§ WHAT IS EXPECTED: Would you retype exactly the lines below, starting with the one that has "Sexy Beach Wedding" and going on through the one that has "AICase Wicked Merch", with no pictures and nothing else?

··· RECORDS PROVIDED

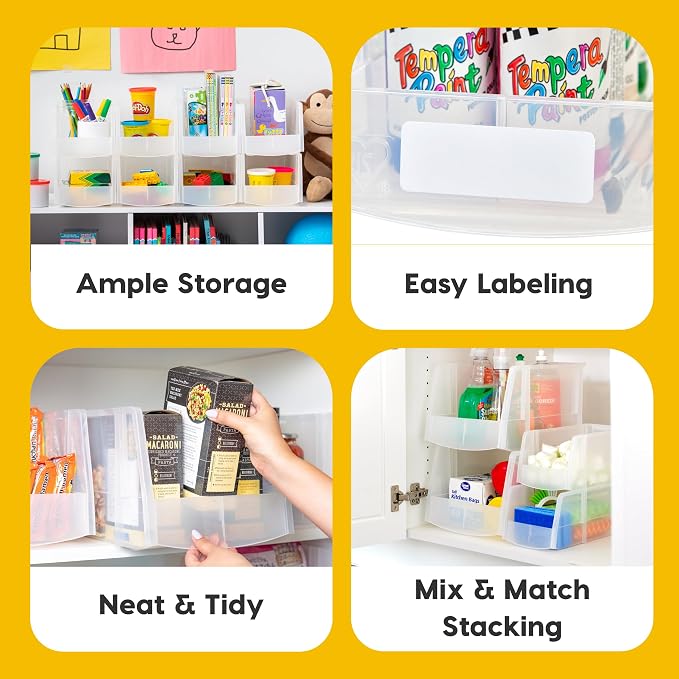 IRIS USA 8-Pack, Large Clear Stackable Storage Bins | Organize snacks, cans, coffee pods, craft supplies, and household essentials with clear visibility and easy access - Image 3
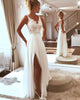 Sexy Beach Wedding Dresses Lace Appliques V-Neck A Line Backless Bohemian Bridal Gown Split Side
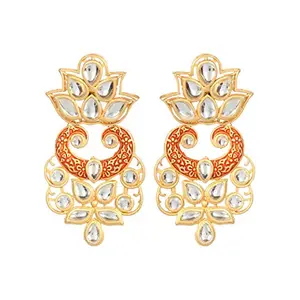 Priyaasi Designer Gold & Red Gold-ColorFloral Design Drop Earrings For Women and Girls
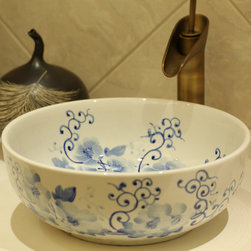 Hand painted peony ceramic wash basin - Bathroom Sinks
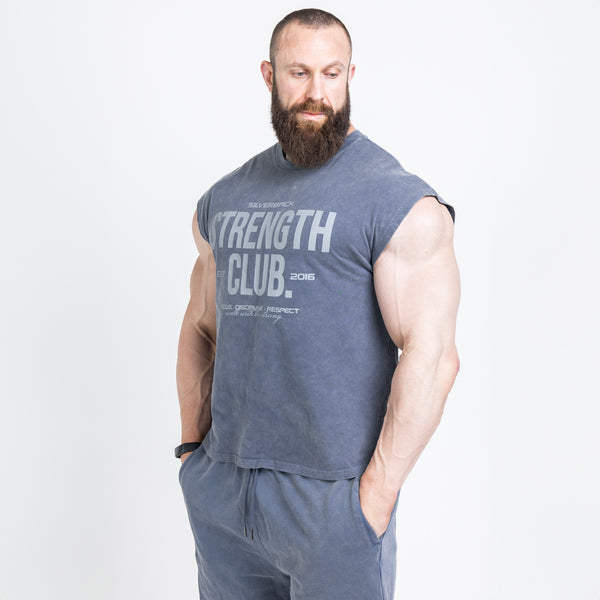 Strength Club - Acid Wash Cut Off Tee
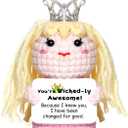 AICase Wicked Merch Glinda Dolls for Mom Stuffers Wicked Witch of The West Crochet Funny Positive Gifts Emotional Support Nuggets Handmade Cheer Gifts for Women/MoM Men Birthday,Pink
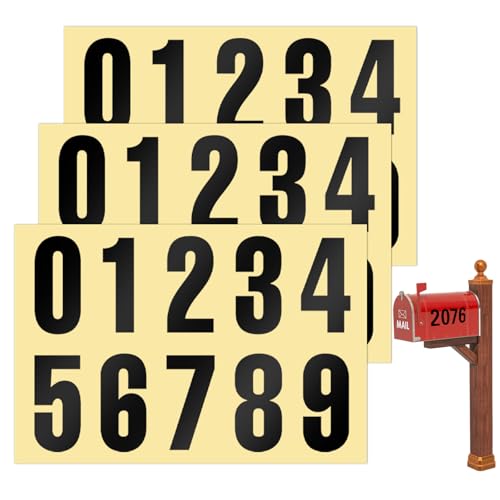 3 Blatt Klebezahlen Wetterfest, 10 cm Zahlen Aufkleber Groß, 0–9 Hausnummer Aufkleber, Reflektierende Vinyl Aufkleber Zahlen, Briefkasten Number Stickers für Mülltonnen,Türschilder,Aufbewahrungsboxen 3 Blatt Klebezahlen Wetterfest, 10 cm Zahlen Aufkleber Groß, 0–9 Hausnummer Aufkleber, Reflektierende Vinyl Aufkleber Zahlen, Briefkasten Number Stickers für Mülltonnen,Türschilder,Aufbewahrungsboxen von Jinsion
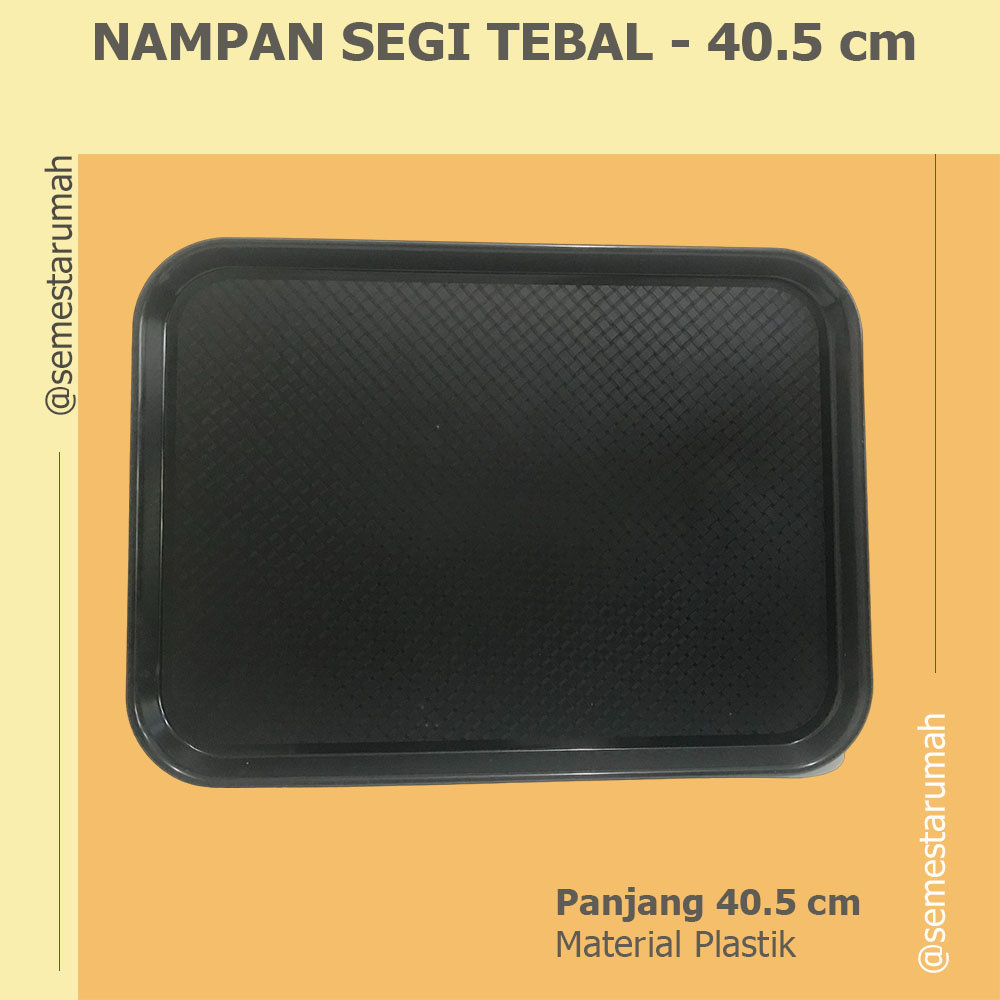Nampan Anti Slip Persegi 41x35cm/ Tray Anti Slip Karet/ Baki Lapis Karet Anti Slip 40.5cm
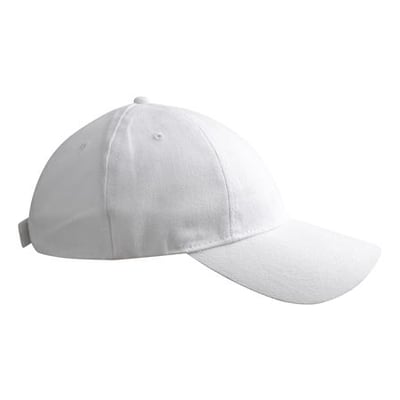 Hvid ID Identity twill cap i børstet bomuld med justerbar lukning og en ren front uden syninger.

······

§ ANSWER SPACE:
 Sexy Beach Wedding Dresses Lace Appliques V-Neck A Line Backless Bohemian Bridal Gown Split Side
 Priyaasi Designer Gold & Red Gold-ColorFloral Design Drop Earrings For Women and Girls
 Hand painted peony ceramic wash basin - Bathroom Sinks
 Strength Club - Acid Wash Cut Off Tee
 AICase Wicked Merch Glinda Dolls for Mom Stuffers Wicked Witch of The West Crochet Funny Positive Gifts Emotional Support Nuggets Handmade Cheer Gifts for Women/MoM Men Birthday,Pink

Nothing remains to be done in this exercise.